- [PROBLEM TO WORK ON]
Nothing but the lines below from the one that contains "Show full view: Playology" through the one that contains "Vibrant Dual Tone" should be retyped, exactly and including both ends. Do not include pictures.

- [DATA SHOWN]

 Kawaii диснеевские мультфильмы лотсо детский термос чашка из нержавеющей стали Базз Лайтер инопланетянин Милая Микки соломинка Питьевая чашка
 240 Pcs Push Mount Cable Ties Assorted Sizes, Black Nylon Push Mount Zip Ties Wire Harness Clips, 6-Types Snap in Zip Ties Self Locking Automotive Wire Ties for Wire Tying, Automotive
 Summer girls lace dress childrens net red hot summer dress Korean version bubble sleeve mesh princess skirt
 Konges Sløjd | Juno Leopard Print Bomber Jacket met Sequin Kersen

...

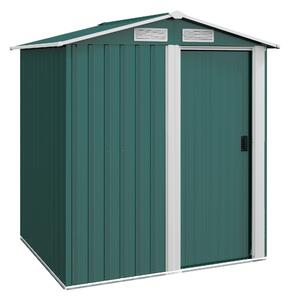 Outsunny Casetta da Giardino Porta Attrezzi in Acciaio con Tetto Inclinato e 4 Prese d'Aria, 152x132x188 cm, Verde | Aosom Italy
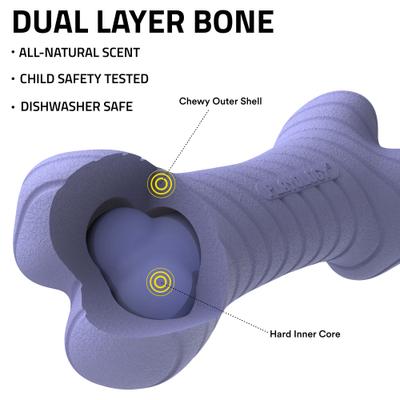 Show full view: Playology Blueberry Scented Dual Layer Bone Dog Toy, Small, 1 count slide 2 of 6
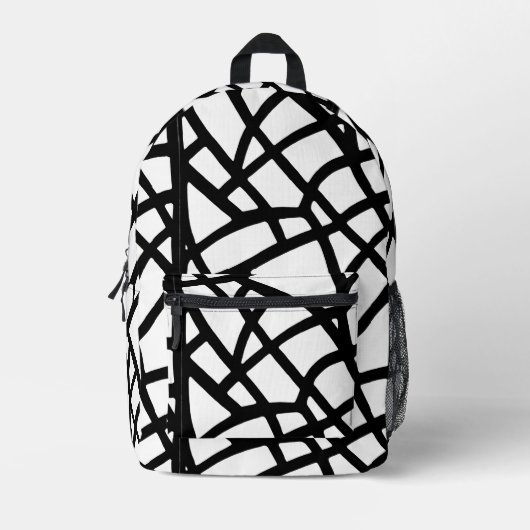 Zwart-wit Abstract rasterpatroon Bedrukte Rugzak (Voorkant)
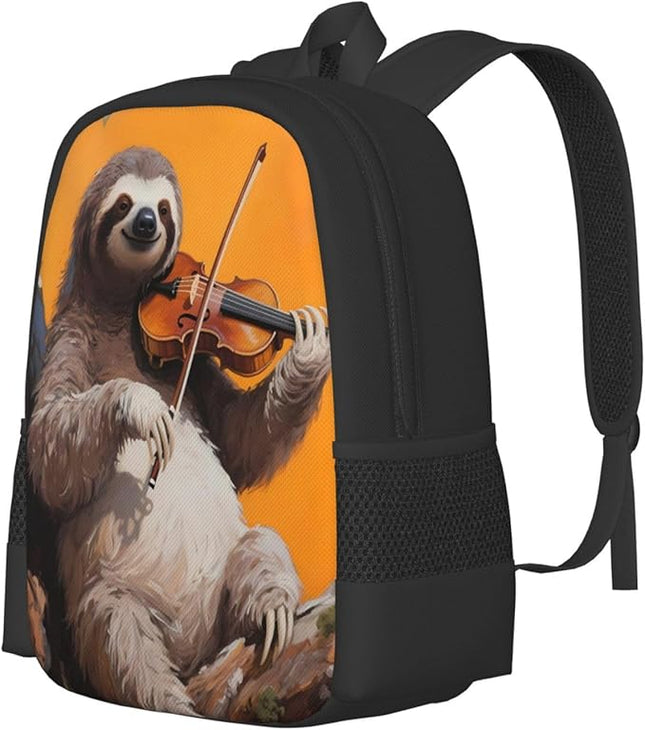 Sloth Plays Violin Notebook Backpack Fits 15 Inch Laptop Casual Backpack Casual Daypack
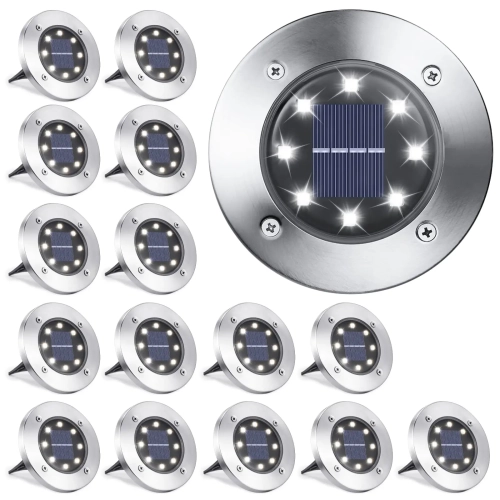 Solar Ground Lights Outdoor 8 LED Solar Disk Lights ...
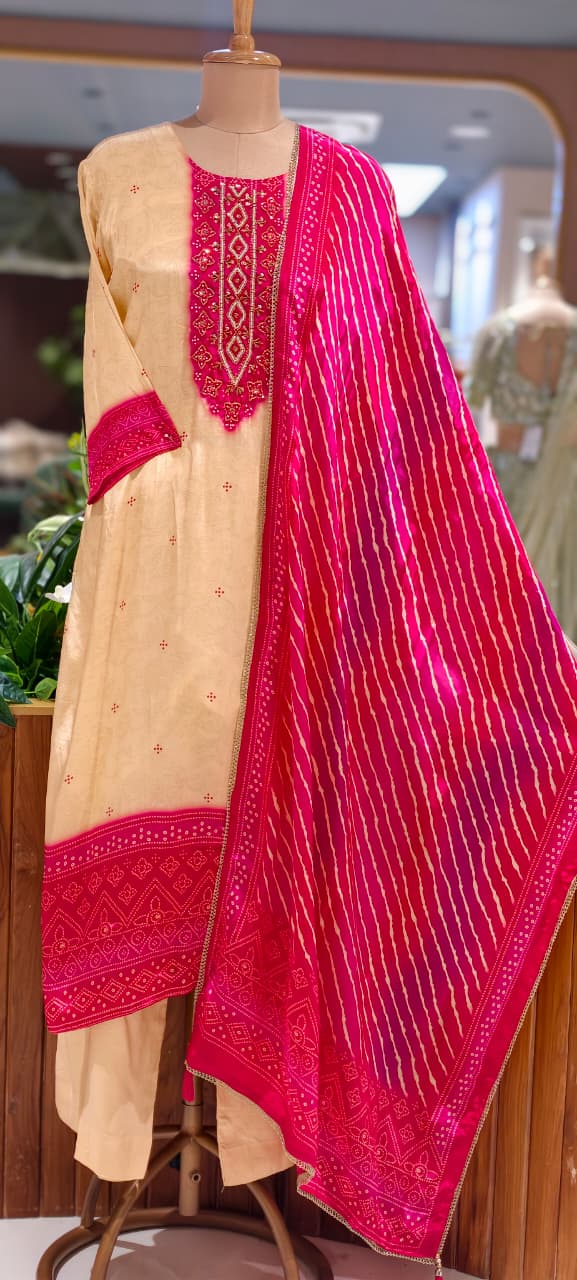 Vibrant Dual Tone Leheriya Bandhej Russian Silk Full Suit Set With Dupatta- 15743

* * *

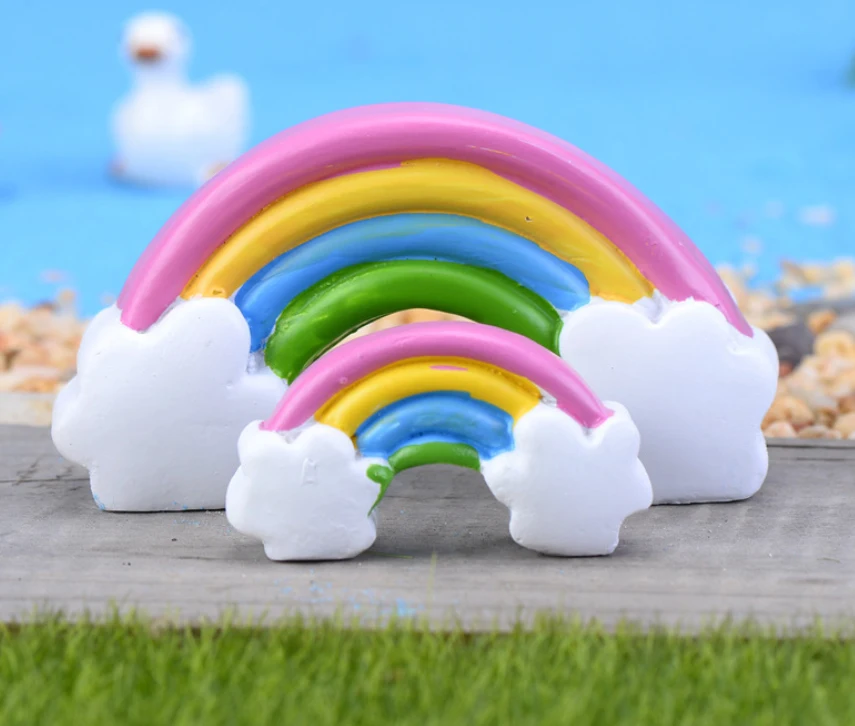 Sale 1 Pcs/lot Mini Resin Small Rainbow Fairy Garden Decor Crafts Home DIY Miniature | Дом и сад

- [RESPONSE AREA]
 Show full view: Playology Blueberry Scented Dual Layer Bone Dog Toy, Small, 1 count slide 2 of 6
 Zwart-wit Abstract rasterpatroon Bedrukte Rugzak (Voorkant)
 Sloth Plays Violin Notebook Backpack Fits 15 Inch Laptop Casual Backpack Casual Daypack
 Solar Ground Lights Outdoor 8 LED Solar Disk Lights ...
 Vibrant Dual Tone Leheriya Bandhej Russian Silk Full Suit Set With Dupatta- 15743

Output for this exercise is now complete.